**Task prompt**: An exact transcription of all the data is required; the pictures are to be left out.

**Record extracts**:
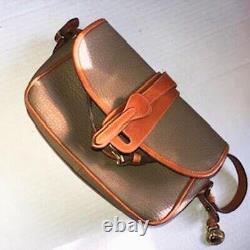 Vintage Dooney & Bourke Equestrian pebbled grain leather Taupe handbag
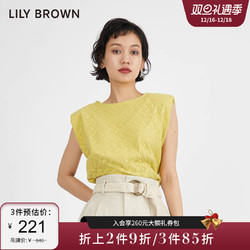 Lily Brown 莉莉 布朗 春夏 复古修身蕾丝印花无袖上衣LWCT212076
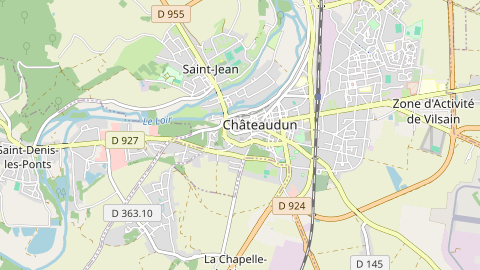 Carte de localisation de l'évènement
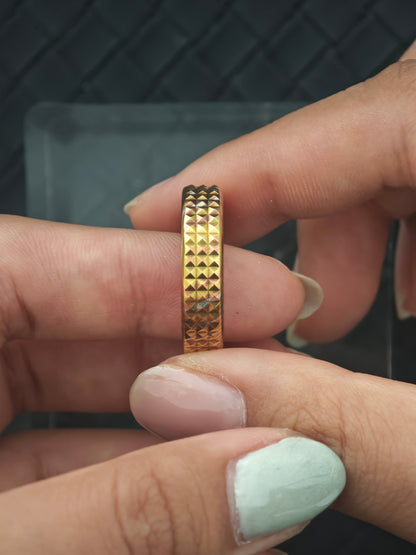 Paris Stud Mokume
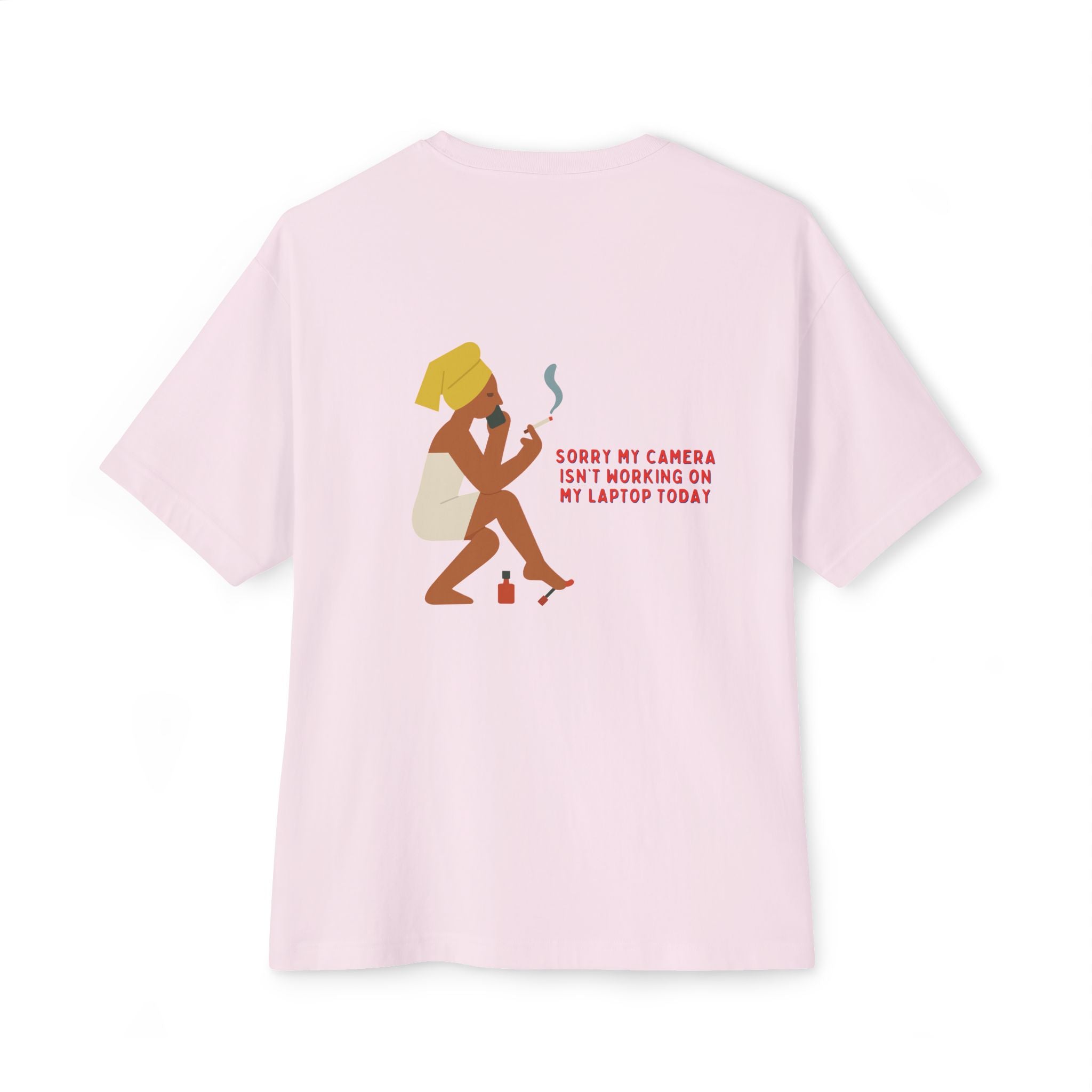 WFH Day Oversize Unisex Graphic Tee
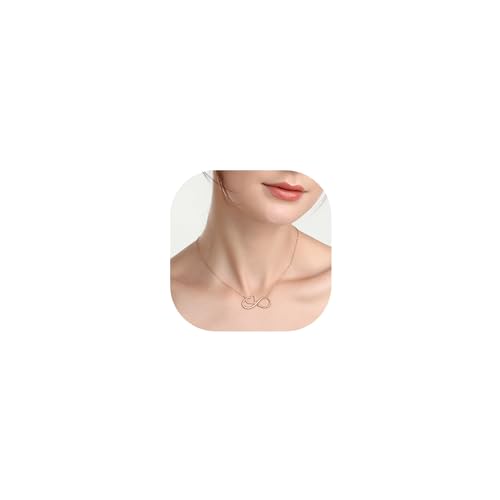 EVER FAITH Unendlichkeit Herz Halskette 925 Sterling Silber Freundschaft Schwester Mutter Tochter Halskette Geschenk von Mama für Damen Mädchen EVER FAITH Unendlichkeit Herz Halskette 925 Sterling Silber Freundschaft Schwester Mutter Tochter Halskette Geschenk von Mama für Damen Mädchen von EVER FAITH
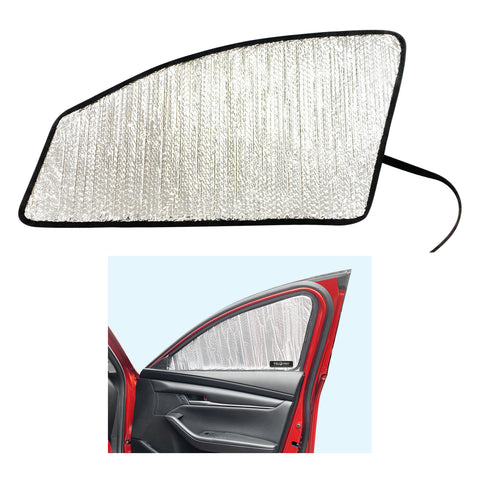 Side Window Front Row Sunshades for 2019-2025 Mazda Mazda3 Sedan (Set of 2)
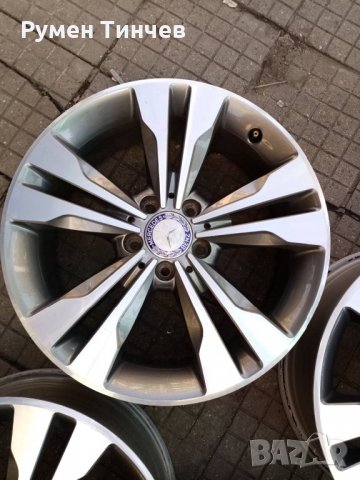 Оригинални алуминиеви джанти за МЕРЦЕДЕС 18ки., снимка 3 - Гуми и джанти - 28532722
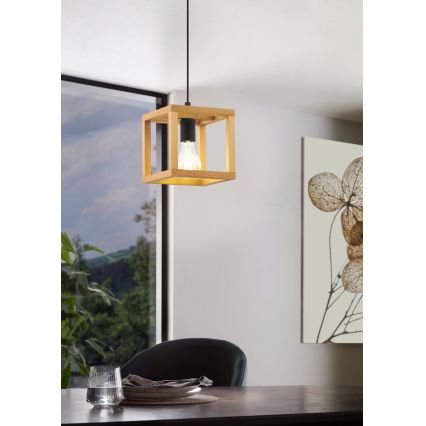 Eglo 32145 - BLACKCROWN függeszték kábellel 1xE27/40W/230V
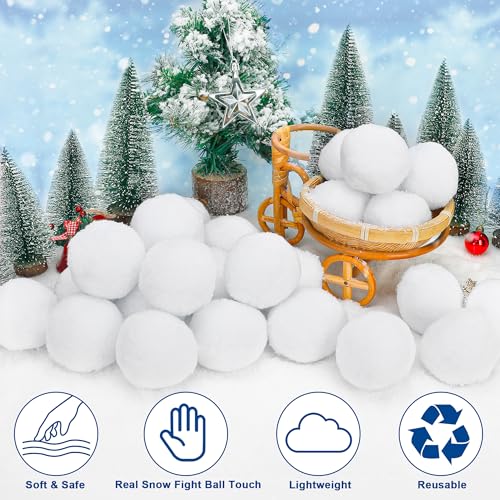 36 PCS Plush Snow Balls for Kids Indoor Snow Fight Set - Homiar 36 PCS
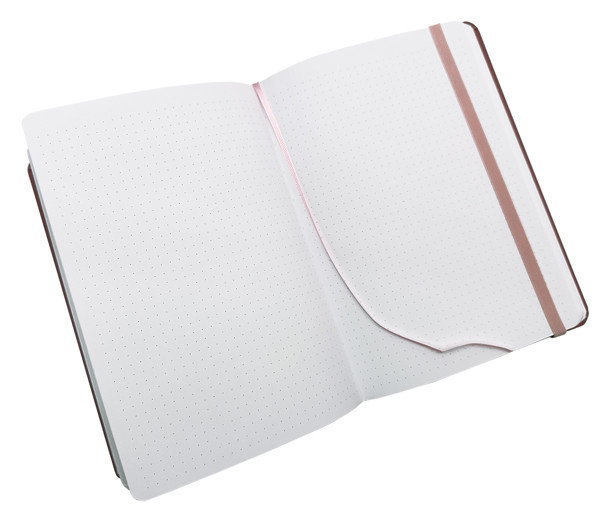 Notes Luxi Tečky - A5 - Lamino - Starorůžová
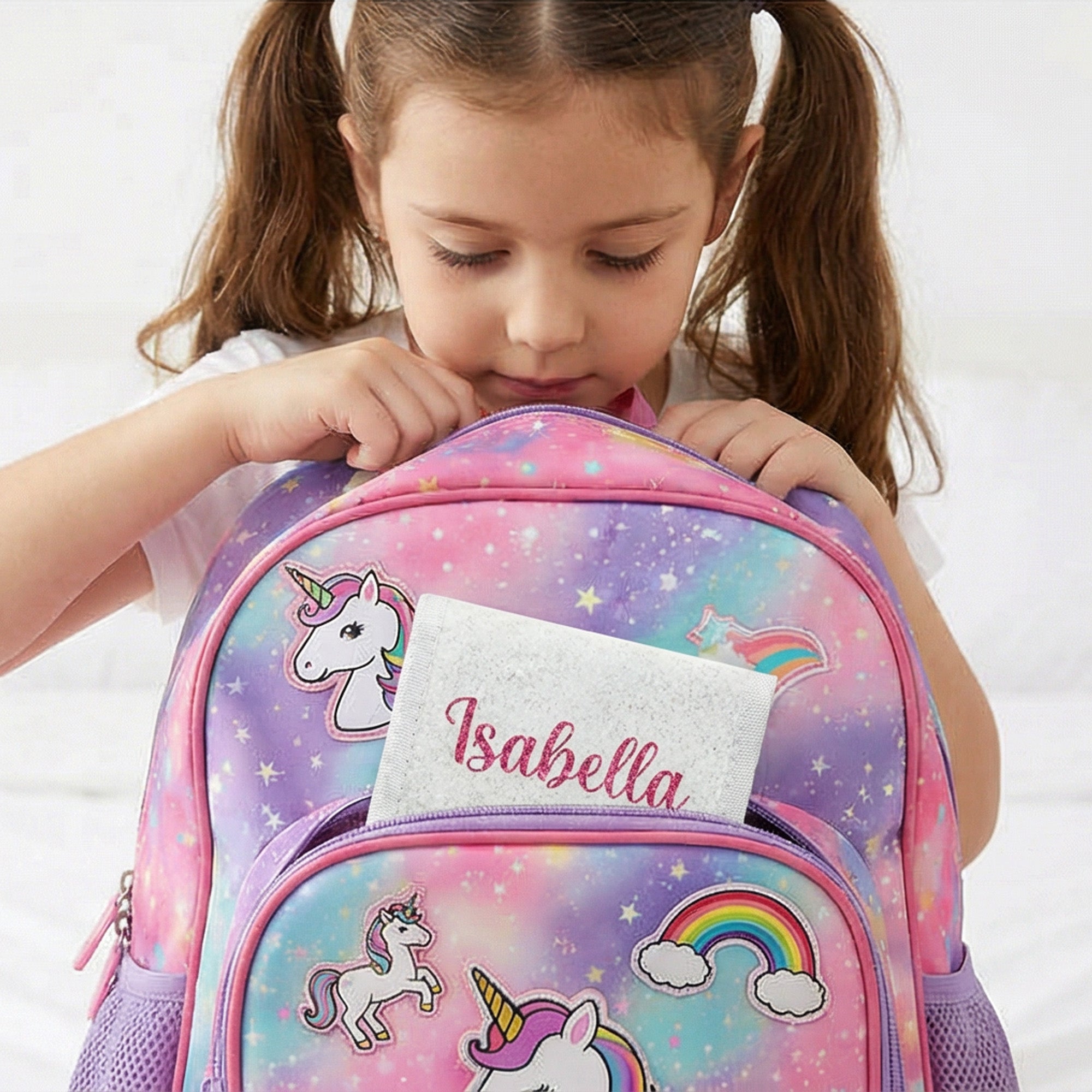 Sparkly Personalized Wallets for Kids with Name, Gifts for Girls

**Finished exercise**:
 Vintage Dooney & Bourke Equestrian pebbled grain leather Taupe handbag
 Lily Brown 莉莉 布朗 春夏 复古修身蕾丝印花无袖上衣LWCT212076
 Carte de localisation de l'évènement
 Paris Stud Mokume
 WFH Day Oversize Unisex Graphic Tee
 EVER FAITH Unendlichkeit Herz Halskette 925 Sterling Silber Freundschaft Schwester Mutter Tochter Halskette Geschenk von Mama für Damen Mädchen EVER FAITH Unendlichkeit Herz Halskette 925 Sterling Silber Freundschaft Schwester Mutter Tochter Halskette Geschenk von Mama für Damen Mädchen von EVER FAITH
 Side Window Front Row Sunshades for 2019-2025 Mazda Mazda3 Sedan (Set of 2)
 Оригинални алуминиеви джанти за МЕРЦЕДЕС 18ки., снимка 3 - Гуми и джанти - 28532722
 Eglo 32145 - BLACKCROWN függeszték kábellel 1xE27/40W/230V
 36 PCS Plush Snow Balls for Kids Indoor Snow Fight Set - Homiar 36 PCS
 Notes Luxi Tečky - A5 - Lamino - Starorůžová
 Sparkly Personalized Wallets for Kids with Name, Gifts for Girls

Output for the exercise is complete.